La piedra oscura, obra teatral de Alberto Conejero estrenada en 2015, es la base de la primera historia de La bola negra, la película de Javier Ambrossi y Javier Calvo presentada en el Festival de Cannes. La pieza se centra en Rafael Rodríguez Rapún, identificado como el amante de Federico García Lorca, y su encuentro ficticio con un soldado del bando nacional.
En 2015 se estrenó en España la obra teatral La piedra oscura, del dramaturgo Alberto Conejero, dirigida por Pablo Messiez. La pieza ha sido utilizada por Javier Ambrossi y Javier Calvo como base para la primera historia de su filme La bola negra, presentado en el Festival de Cannes.
La piedra oscura se desarrolla en una habitación de un hospital militar cerca de Santander, donde Rafael Rodríguez Rapún, identificado como «el más hondo amor de Lorca» según los especialistas, vive sus últimas horas bajo la custodia de Sebastián, un joven soldado del bando nacional. La obra ficciona ese encuentro nocturno para explorar la dimensión humana de la guerra civil española.

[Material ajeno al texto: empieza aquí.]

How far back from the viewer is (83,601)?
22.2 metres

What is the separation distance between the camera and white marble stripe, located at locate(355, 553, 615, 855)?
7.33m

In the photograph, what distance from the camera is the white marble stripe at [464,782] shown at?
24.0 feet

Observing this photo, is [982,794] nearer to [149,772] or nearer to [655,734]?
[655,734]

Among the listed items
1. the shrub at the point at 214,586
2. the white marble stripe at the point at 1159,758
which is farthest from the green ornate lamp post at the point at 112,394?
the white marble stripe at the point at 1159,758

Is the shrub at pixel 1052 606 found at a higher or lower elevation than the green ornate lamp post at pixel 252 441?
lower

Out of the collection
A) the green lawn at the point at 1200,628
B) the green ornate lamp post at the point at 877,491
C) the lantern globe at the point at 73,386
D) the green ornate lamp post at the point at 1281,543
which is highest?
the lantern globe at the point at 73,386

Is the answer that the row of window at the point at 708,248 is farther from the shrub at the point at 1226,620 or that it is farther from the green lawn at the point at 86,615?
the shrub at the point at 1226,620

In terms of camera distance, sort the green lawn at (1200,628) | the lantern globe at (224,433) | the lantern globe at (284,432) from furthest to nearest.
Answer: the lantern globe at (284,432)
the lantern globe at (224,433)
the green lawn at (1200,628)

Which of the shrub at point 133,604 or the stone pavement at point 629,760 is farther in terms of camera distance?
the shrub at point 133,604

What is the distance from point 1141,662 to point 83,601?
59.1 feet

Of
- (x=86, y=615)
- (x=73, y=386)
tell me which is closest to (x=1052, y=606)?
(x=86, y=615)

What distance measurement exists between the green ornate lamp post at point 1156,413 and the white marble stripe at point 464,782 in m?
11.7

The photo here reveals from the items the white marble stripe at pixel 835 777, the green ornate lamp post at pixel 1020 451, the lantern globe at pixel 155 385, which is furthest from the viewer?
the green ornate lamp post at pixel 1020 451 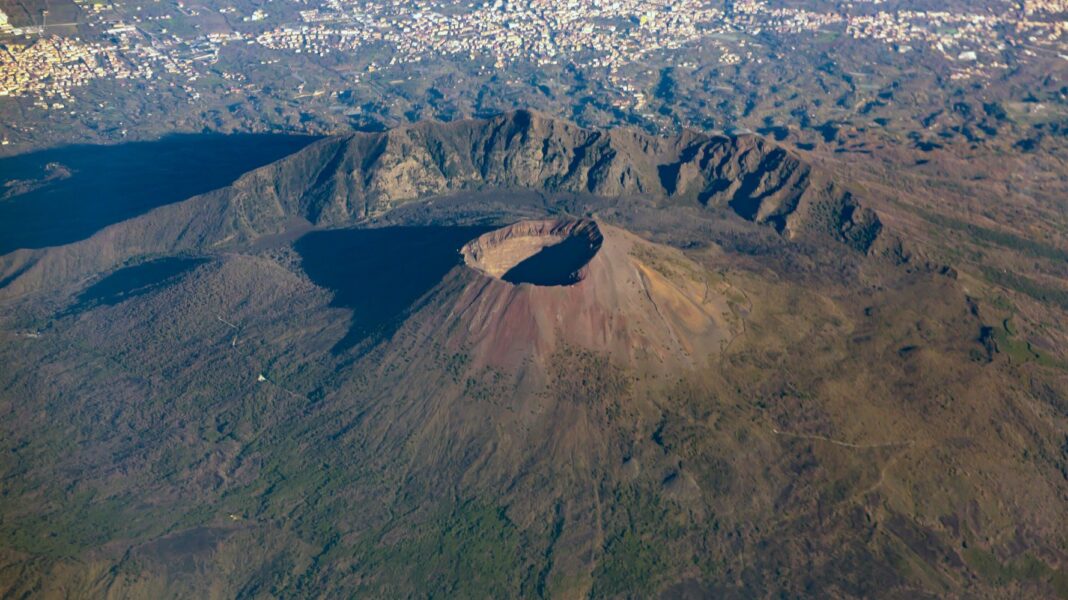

El texto se basa en un trabajo de documentación que incluye fuentes históricas y testimonios directos, como el del hermano menor de Rodríguez Rapún. La obra toma su título de un proyecto inédito de García Lorca sobre la homofobia, con un sentido dual que alude a «lápida» y «paredón», además de «el amor que no puede decirse».
El trasfondo histórico se sitúa entre 1936 y 1937, período de violencia y represión. Rodríguez Rapún murió el 18 de julio de 1937, un año exacto después del fusilamiento de Lorca, tras ser herido en un bombardeo. La obra no busca ser «revanchista» ni dictar sentencia sobre el pasado, según Conejero.
En La bola negra, Los Javis abren el filme con la historia de Sebastián y Rafael Rodríguez Rapún, interpretado por Miguel Bernardeau. La segunda historia corresponde a las cuatro páginas que Lorca dejó escritas de La bola negra, que los creadores imaginan completa. Ediciones Cátedra ha publicado una edición que incluye La piedra oscura, Ushua y En mitad de tanto fuego, a cargo de Emilio Peral Vega y Simone Trecca.